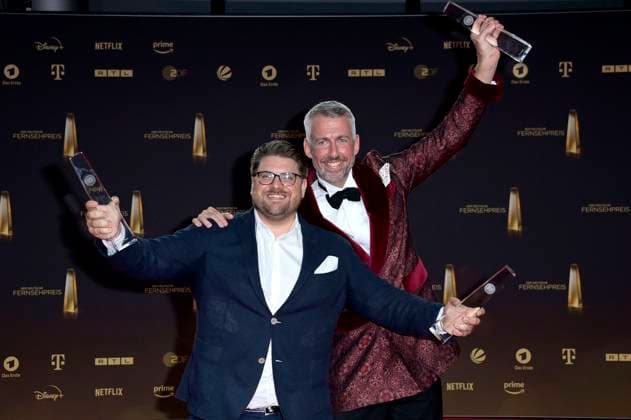 Andreas Lechner und Sebastian Pufpaff bei der Verleihung des Deutschen Fernsehpreises 2023 in den MMC Studios. Köln, 28.09.2023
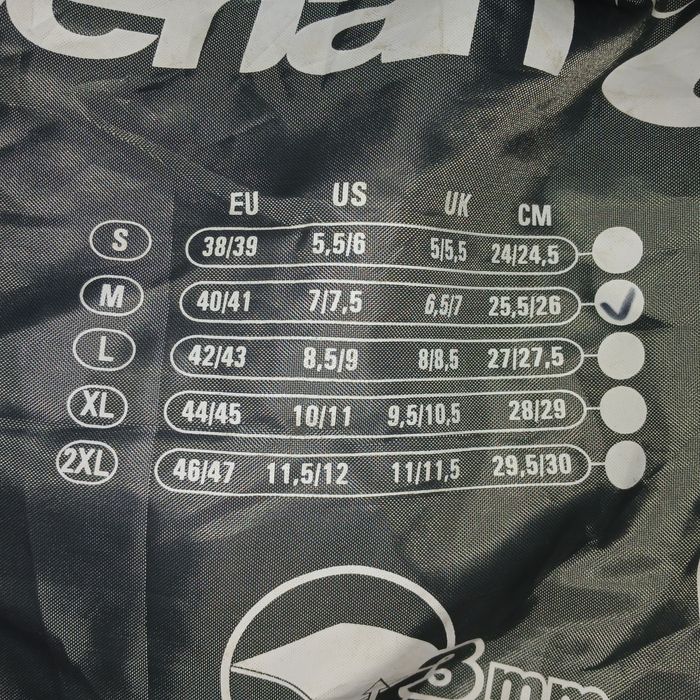 Calça com bota para pesca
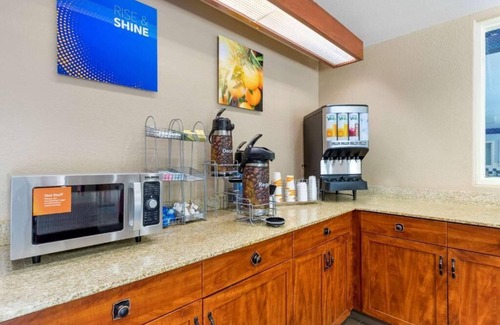 Lakewood Apartment | A pet-friendly, all-suite near Denver!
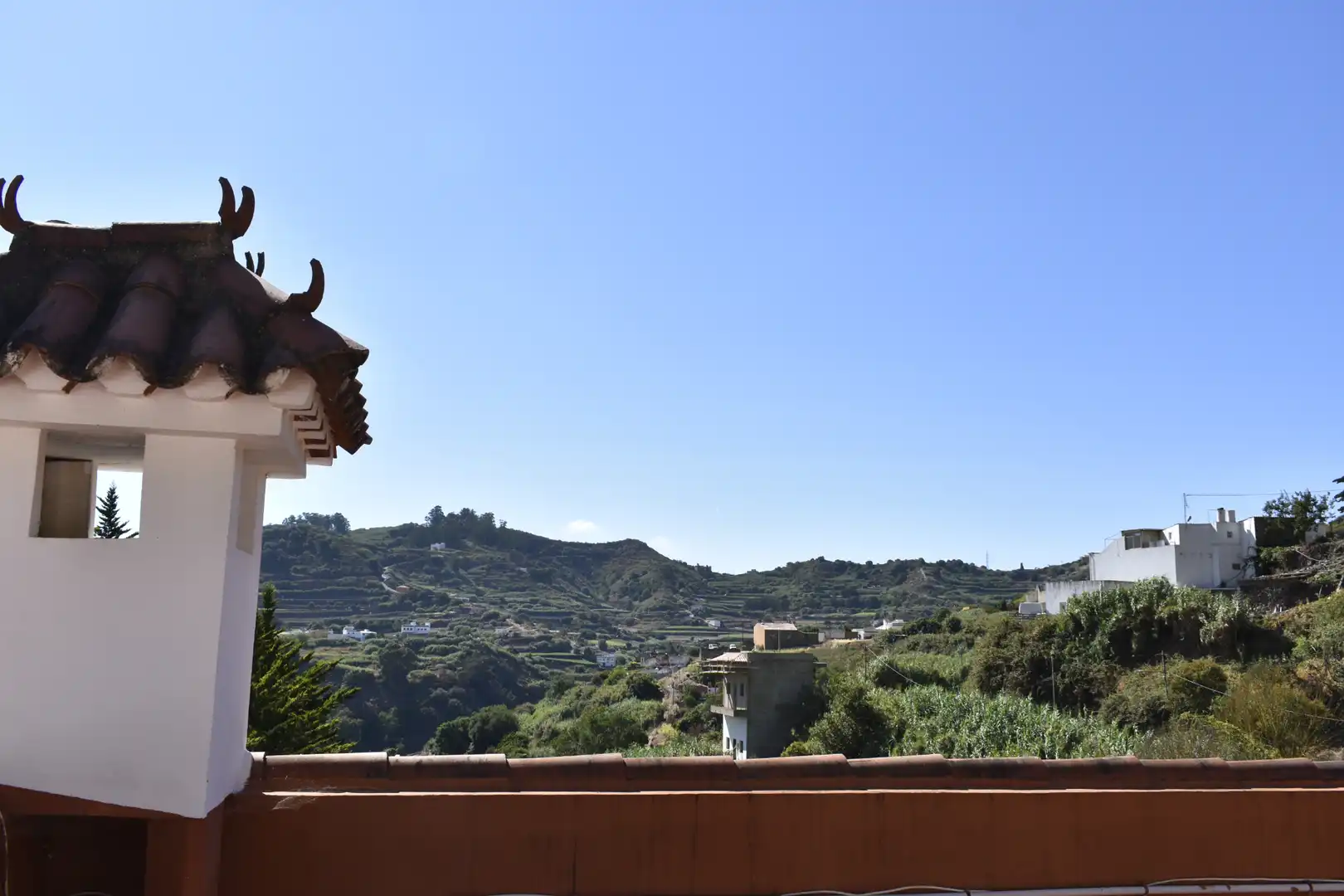 Vista exterior de Casa o xalet en venda en Teror amb Calefacció, Jardí privat i Terrassa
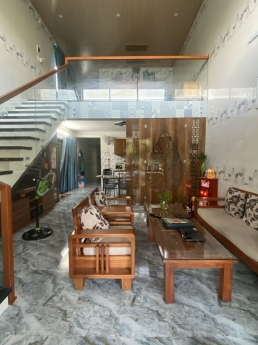 Cần tiền bán nhà Mai Dị, Hải Châu, 105m, MT 5.5m, gần Chợ, KD sầm uất mà chỉ hơn 5 tỷ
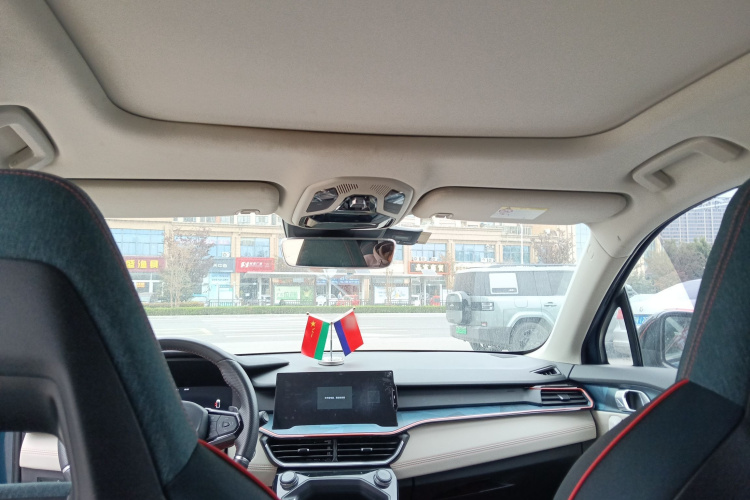 领克06 2020款 1.5T 耀Halo中控内饰22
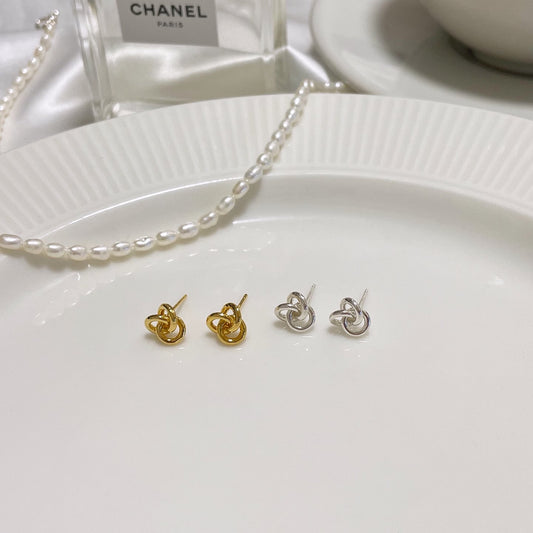 Three ring stud earrings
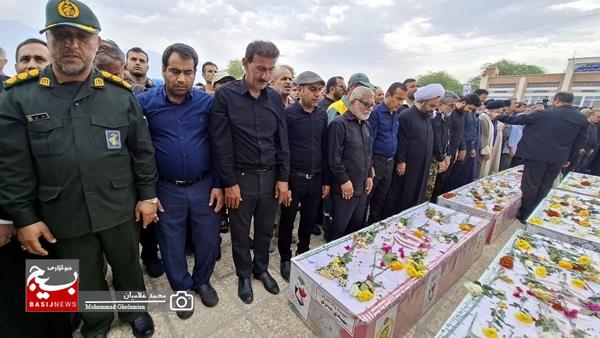 تشییع پیکر شهدای پدافند هوایی سیراف در کنگان؛ روایت صلابت و اشک تشییع پیکر شهدای پدافند هوایی سیراف در کنگان؛ روایت صلابت و اشک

## GOAL OF THE EXERCISE
Transcribe the data exactly and leave no picture in the copy.

## PROBLEM SOLUTION
 Andreas Lechner und Sebastian Pufpaff bei der Verleihung des Deutschen Fernsehpreises 2023 in den MMC Studios. Köln, 28.09.2023
 Calça com bota para pesca
 Lakewood Apartment | A pet-friendly, all-suite near Denver!
 Vista exterior de Casa o xalet en venda en Teror amb Calefacció, Jardí privat i Terrassa
 Cần tiền bán nhà Mai Dị, Hải Châu, 105m, MT 5.5m, gần Chợ, KD sầm uất mà chỉ hơn 5 tỷ
 领克06 2020款 1.5T 耀Halo中控内饰22
 Three ring stud earrings
 تشییع پیکر شهدای پدافند هوایی سیراف در کنگان؛ روایت صلابت و اشک تشییع پیکر شهدای پدافند هوایی سیراف در کنگان؛ روایت صلابت و اشک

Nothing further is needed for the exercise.